That night, Robinson, who was president of the Women’s Political Council, printed 50,000 handbills on a mimeograph machine calling for a boycott of the public transit system the following Monday.

Boiled down, the effort to motivate enough people to participate in the boycott in order to have grievances known was essentially done through a WOM campaign.

On Friday, December 2,  Robinson and a small group distributed the handbills, taking many of them to schools for high school students to carry home to their parents for the weekend. She also carried them to a meeting of clergymen who signed onto the plan as early adopters and promised to encourage their congregants on Sunday morning to participate in the boycott. Also on Sunday, in the local newspaper, there was a full-page ad about the boycott.
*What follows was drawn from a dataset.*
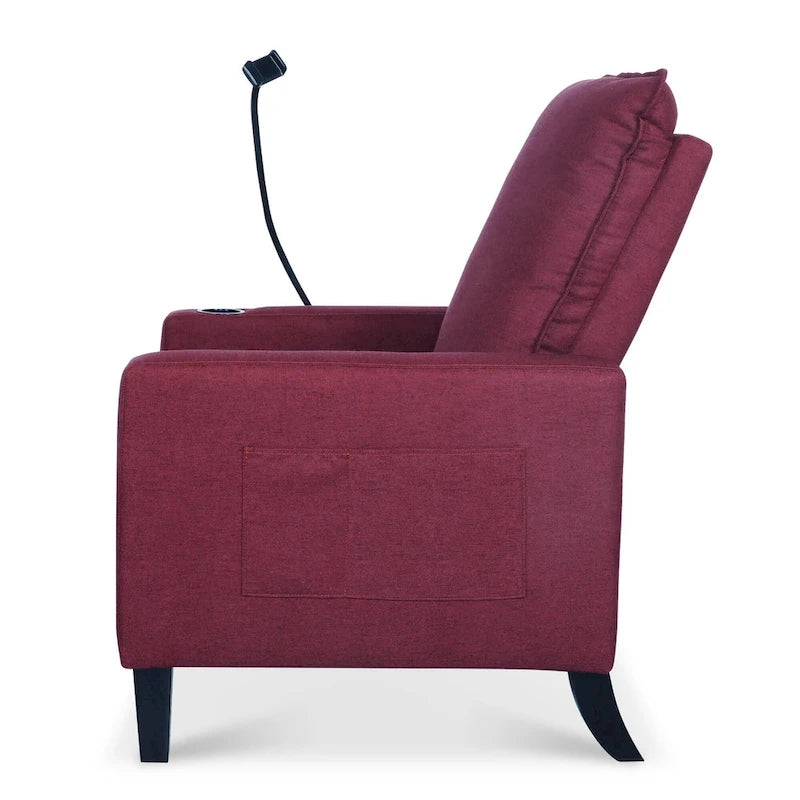 Fauteuil inclinable à pousser avec support de téléphone et porte-gobelet, beige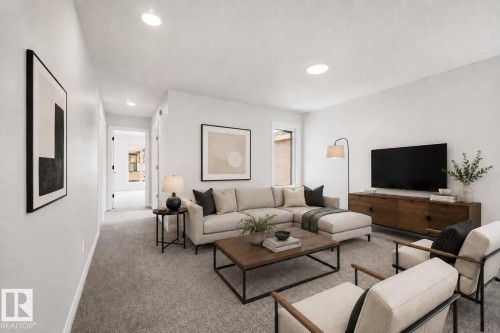 virtually staged - 935 18 Avenue Nw, Edmonton, AB - Indoor Photo Showing Living Room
In Social Influence Model and Electronic Word of Mouth, WOM is called “particularly influential” (Okazaki, 2009, p. 439).

Evidently so. It took one woman a little more than 72 hours to get the word out across a city to a specific audience without social media. By some estimates, 40,000 black passengers stayed off the bus on Monday, December 5.

The one-day campaign was considered a success and was extended for 381 days. While Parks’ arrest is considered the Birth of the Civil Rights Movement, Robinson’s work should surely be considered the labor.

Modern: Kony 2012

Joseph Kony was a cult leader whose militia had terrorized parts of Central Africa for more than thirty years. His Lord’s Resistance Army (LRA) was known for the recruitment of child soldiers to use on the battlefield and was the feature of the short documentary, Kony 2012. Produced by Invisible Children, narrator Jason Russell  was the opinion leader whose desire to help a Ugandan friend stop Kony led him to this innovation.

Kony 2012 poster

With a click of a mouse, millions of people diffused this innovation by sharing the video to raise awareness of the warlord in the hopes he would be apprehended and brought to justice. If you were one those viewers thinking you could make a difference, you weren’t alone. Six days after the mini-doc was first published on YouTube, there were more than 100 million views, making it one of the most viral in history.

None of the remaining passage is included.